= REQUIREMENT =
Given these entries, repeat exactly the lines starting with the one that has "Auto Mango feminised" and going on through the one that has "Carex hormathodes", both included, but none of the pictures.

= EXCERPTED RECORDS =
=== Begin Enclosure ===

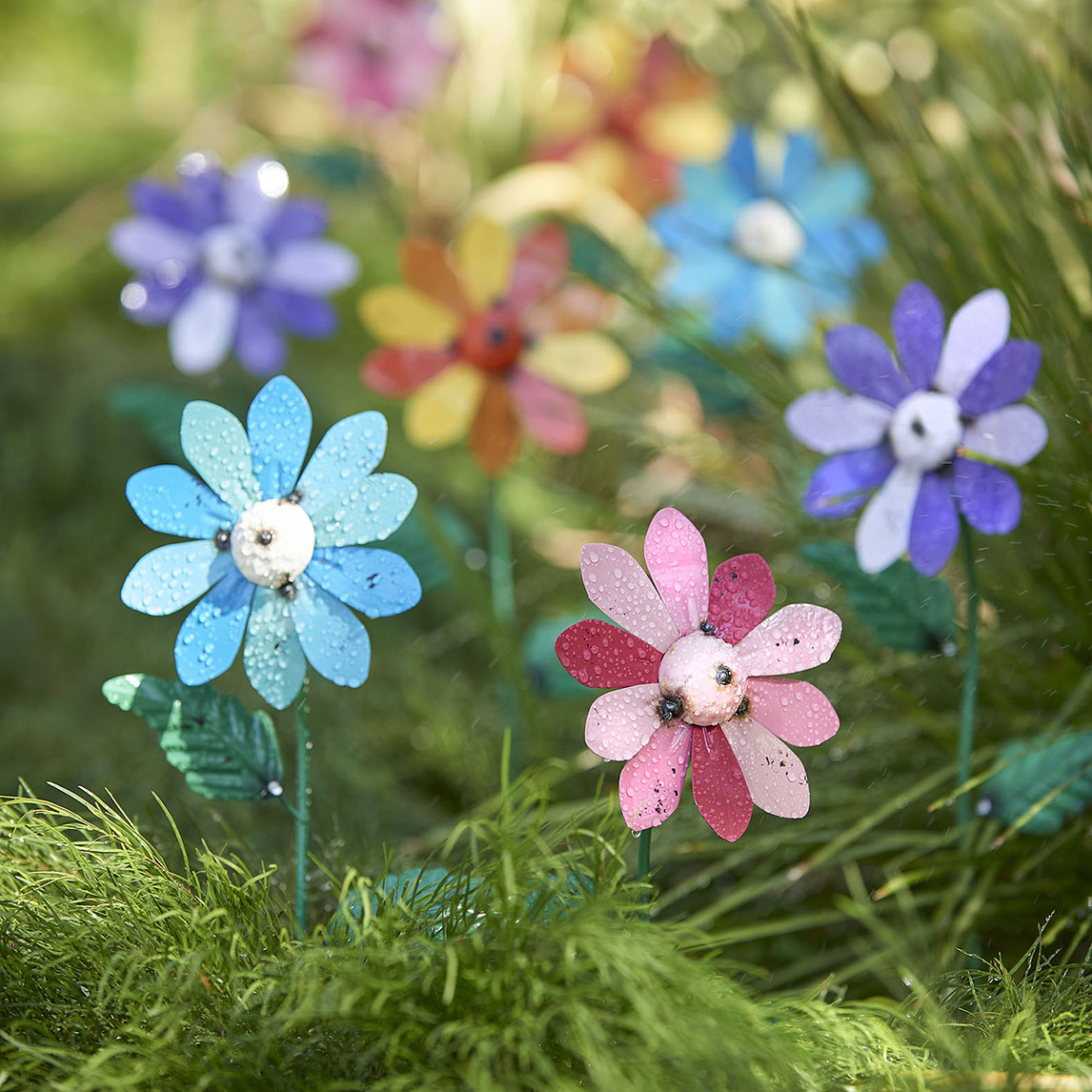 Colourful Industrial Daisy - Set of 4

=== End Enclosure ===
=== Begin Enclosure ===

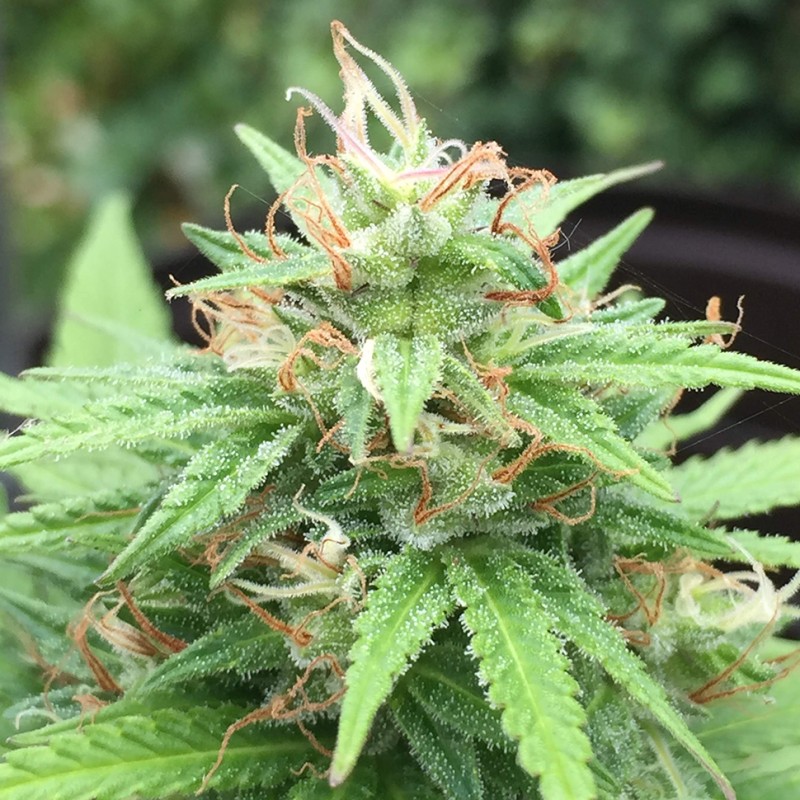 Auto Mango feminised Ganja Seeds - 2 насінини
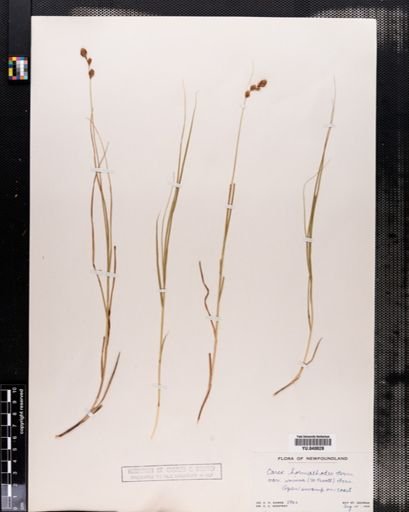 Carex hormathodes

=== End Enclosure ===

= RESPONSE =
 Auto Mango feminised Ganja Seeds - 2 насінини
 Carex hormathodes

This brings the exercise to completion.